FARMERS must fight the 'insidious growth in the use of closed-door deals' by livestock buyers – and always sell their stock through auction marts.

The Institute of Auctioneers and Appraisers in Scotland this week launched a 'Use Your Mart' campaign urging farmers to 'take back control and demand transparency in pricing' by selling through the ring.

The IAAS stated that major buyers – in particular those supplying UK supermarket chains – were increasingly demanding direct contracts with primary producers, and in the case of cattle, making further stipulations on each animal's 'maximum movements' over the entire production cycle. The Institute bluntly alleged that such stipulations amounted to nothing more than 'a deliberate attempt to avoid price scrutiny in the ring'.

Explaining its position, the IAAS said that the new campaign follows a series of complaints from farmers claiming to have been short-changed by direct contracts, particularly at times when short-term market fluctuations were avoided by the major buyers. Whilst there has been a gradual rise in such direct contracts over the past decade, the movement has become even more acute over the last twelve months – coupled with what the IAAS described as the 'noticeable absence of buyers representing supermarket suppliers from prime sheep auction rings' across the country.

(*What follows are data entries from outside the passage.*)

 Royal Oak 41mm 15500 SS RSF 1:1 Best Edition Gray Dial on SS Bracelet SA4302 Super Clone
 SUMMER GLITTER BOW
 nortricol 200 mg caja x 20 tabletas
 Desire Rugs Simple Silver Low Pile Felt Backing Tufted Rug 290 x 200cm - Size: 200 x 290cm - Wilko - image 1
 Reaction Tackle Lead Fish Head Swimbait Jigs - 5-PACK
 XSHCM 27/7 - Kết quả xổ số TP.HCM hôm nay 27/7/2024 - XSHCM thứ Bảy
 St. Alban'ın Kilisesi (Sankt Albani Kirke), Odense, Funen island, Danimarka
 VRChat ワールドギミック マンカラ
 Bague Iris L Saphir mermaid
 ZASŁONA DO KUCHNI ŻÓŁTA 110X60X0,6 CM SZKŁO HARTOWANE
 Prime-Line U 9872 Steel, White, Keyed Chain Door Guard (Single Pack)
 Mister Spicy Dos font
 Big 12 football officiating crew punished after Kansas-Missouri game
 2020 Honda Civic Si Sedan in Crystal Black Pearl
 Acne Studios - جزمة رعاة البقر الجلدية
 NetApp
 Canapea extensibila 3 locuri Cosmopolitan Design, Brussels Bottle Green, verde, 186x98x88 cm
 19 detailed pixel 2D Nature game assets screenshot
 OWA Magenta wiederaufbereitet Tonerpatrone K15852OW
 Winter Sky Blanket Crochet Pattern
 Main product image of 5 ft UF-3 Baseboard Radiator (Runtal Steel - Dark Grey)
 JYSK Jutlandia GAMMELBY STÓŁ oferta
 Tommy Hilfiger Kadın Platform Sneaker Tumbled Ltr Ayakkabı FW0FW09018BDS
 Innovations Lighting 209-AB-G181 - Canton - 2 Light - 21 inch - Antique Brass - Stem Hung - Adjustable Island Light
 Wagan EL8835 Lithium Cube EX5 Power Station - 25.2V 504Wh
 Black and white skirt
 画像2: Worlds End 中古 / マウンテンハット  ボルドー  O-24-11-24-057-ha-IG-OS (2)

IAAS president, Scott Donaldson, said: "Supermarkets are demanding more and more direct contracts at the very time when farmers need to ensure that they are genuinely receiving a fair price for their produce. This is a practice which puts the efficiency of the rural economy at risk and might even be deemed by the authorities to be anti-competitive.

"Access to a fair pricing regime, as delivered by the network of livestock markets that we represent, is the very cornerstone of fair farming practice. We want to work with supermarkets as important and valued stakeholders, but now is the time for this evasion on price to end," he said. “You would almost think that the UK’s major retailers were seeking to deliberately avoid fair and transparent pricing in our food chain – the insidious growth in the use of closed-door deals puts at risk the transparency and honesty that can only be guaranteed in the livestock auction ring.”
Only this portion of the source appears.